- [WHAT IS NEEDED]:
The copy should begin at the line containing "Foto van Mercedes-Benz AMG C 63" and end with the last line below, every line exact and no picture included.

--- DATA SECTION Enclosed Below ---

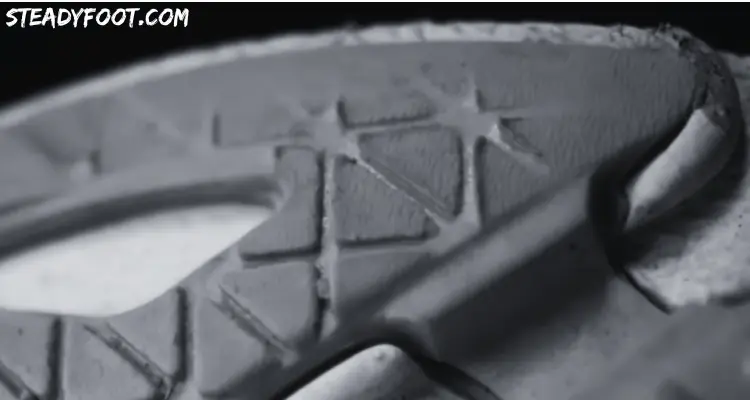 hoka-bondi-x-outsole-durability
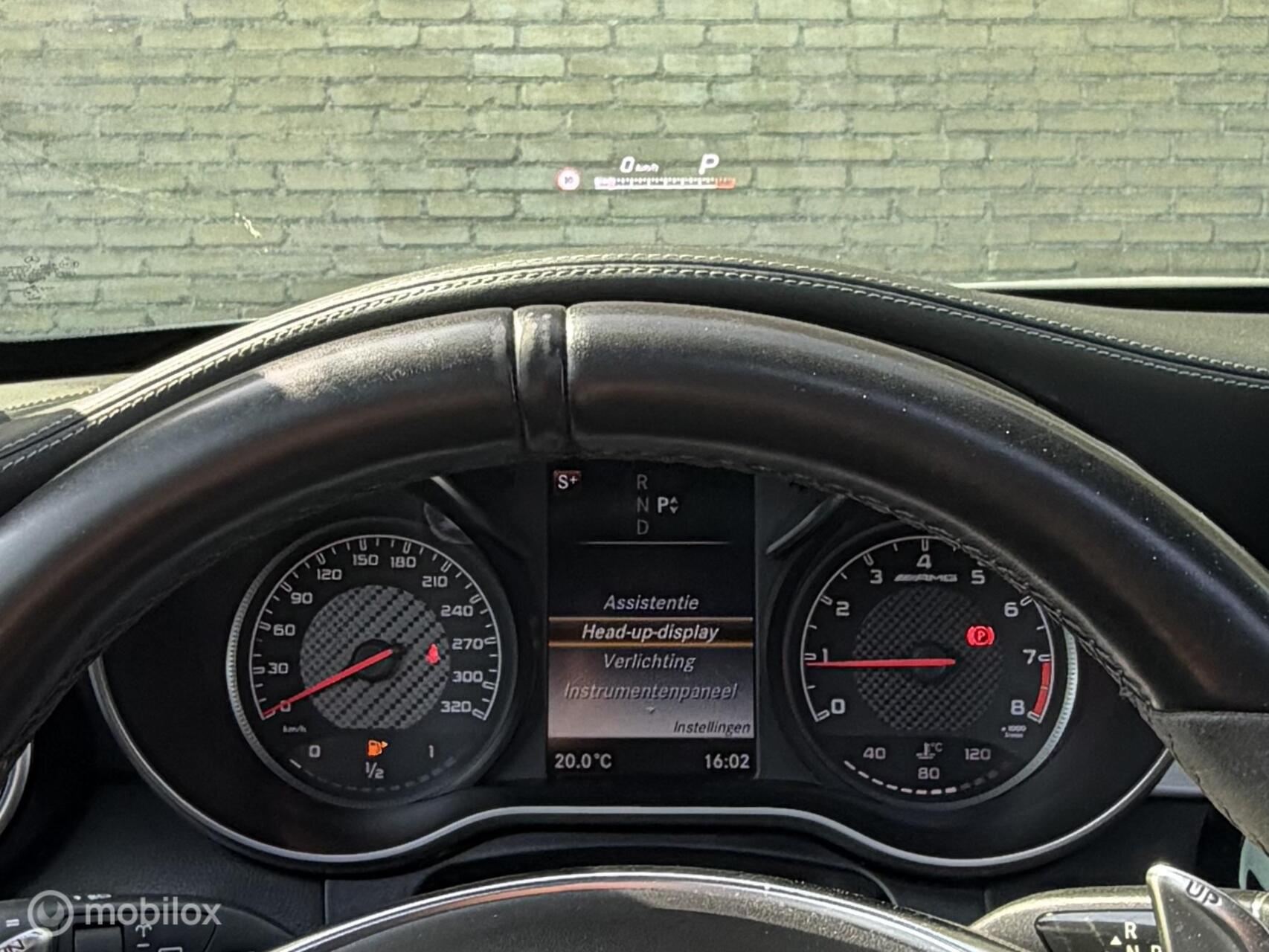 Foto van Mercedes-Benz AMG C 63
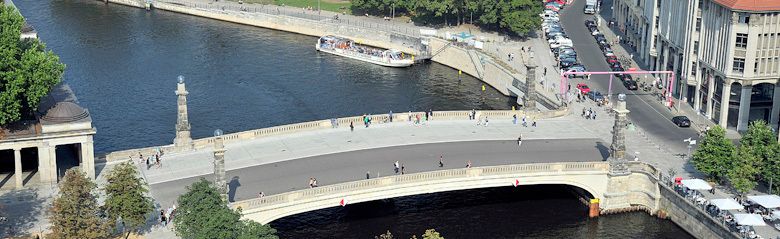 Zwischen 2010 und 2012 wurde die Uferanlage der Spree im Bereich Friedrichsbrücke / Burgstraße erneuert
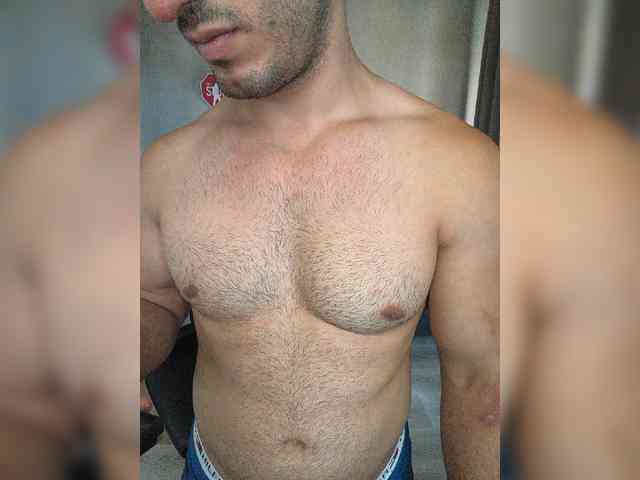 HandsomeHercules Sex Cam Show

--- End of Enclosed DATA SECTION ---

- [RESULT]:
 Foto van Mercedes-Benz AMG C 63
 Zwischen 2010 und 2012 wurde die Uferanlage der Spree im Bereich Friedrichsbrücke / Burgstraße erneuert
 HandsomeHercules Sex Cam Show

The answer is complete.